It seems the Pennsylvania Department of Insurance (PDI) has opened up its own satellite Betty Ford rehab center for insurance companies over the last year. California and Pennsylvania currently seem to have the corner on rehabilitations, conservations and liquidations. The latest became effective April 1, when Legion Insurance Co. and Villanova Insurance (The Legion Group) entered voluntary rehabilitation under the direction of the PDI.

Both companies are subsidiaries of Bermuda based Mutual Risk Management. It hasn’t been a good year for Mutual Risk whose stock you can pick up right now for about six dimes per share. The company is already bracing itself for OTC Bulletin Board trading when its common stock is de-listed from the New York Stock Exchange.

Mutual Risk reported a loss of $99.2 million for 2001, and is currently in default on its 9.38 percent convertible exchange debentures, its bank credit facility and its letter of credit facility. The company said it is negotiating a restructuring plan with creditors and plans to sell many of its assets to cover its obligations.

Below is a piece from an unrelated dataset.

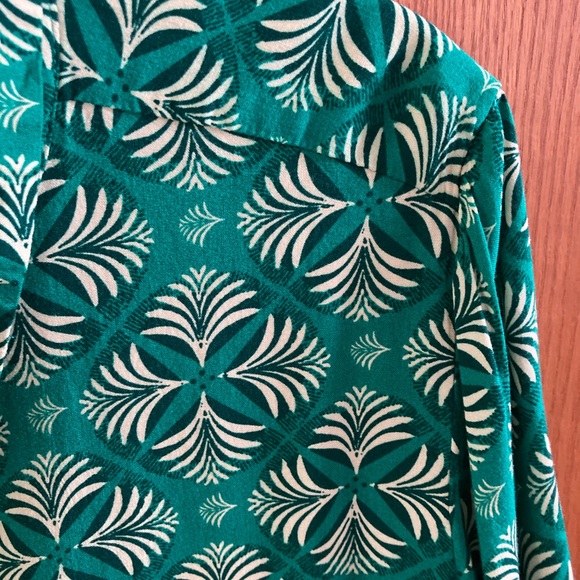 Per Se by Carlisle business casual blouse in vibrant Green Palm leaf Fabric Sz1X - Picture 9 of 11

A statement from its filing of the restructuring plan according to the Dow Jones Newswire said, “It is unlikely that any proceeds of the liquidation would remain after the claims of the general creditors were satisfied.”

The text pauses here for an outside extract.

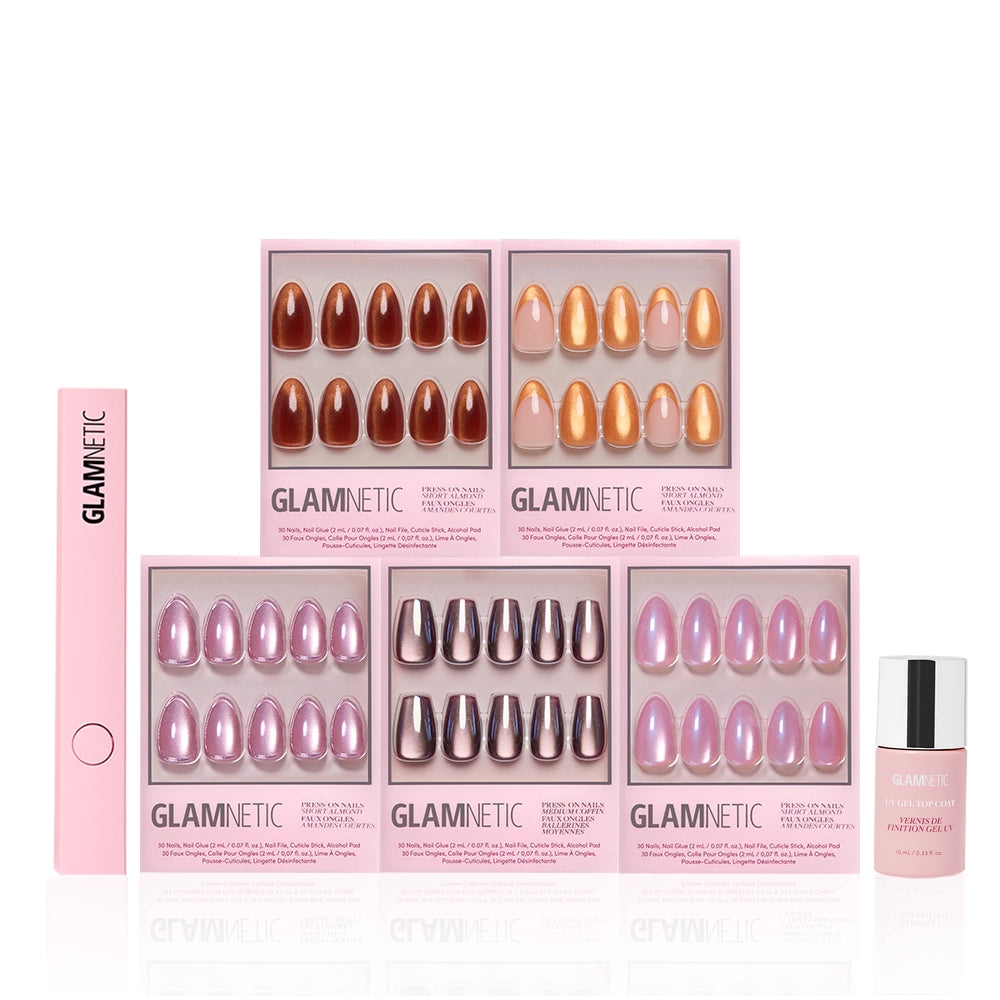 Six boxes of glamnetic Golden Hour press-on nails, featuring a velvet set with multi-dimensional shimmer, plus a pink nail file and glue—all displayed on a white background for salon-quality nails at home. - Product image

The loss development for these companies has been blamed on the inability to collect on reinsurance recoverables that the companies relied heavily on.

The Legion Group transacts business in all 50 states and mainly writes commercial lines. The group also specializes in structuring self-insured programs for mid-sized corporations and associations.

Pennsylvania Insurance Commissioner Diane Koken said in a press release, “The first order of business is to undertake a thorough, independent financial analysis of Legion Insurance Group.” This will help her determine the feasibility of rehabilitation versus liquidation.

The Insurance Department Act of 1921 in Pennsylvania spells out the conditions of rehabilitation, which differ from the conditions of liquidation. The board of directors is suspended, not dissolved. Rehabilitation is a temporary action that puts the commissioner in charge. The financial activity runs through the company rather than the Liquidator’s office. The company pays claims, not the guaranty fund; and payments are based on a court order not on a statute. And finally, assets are marshaled, and all suits are stayed.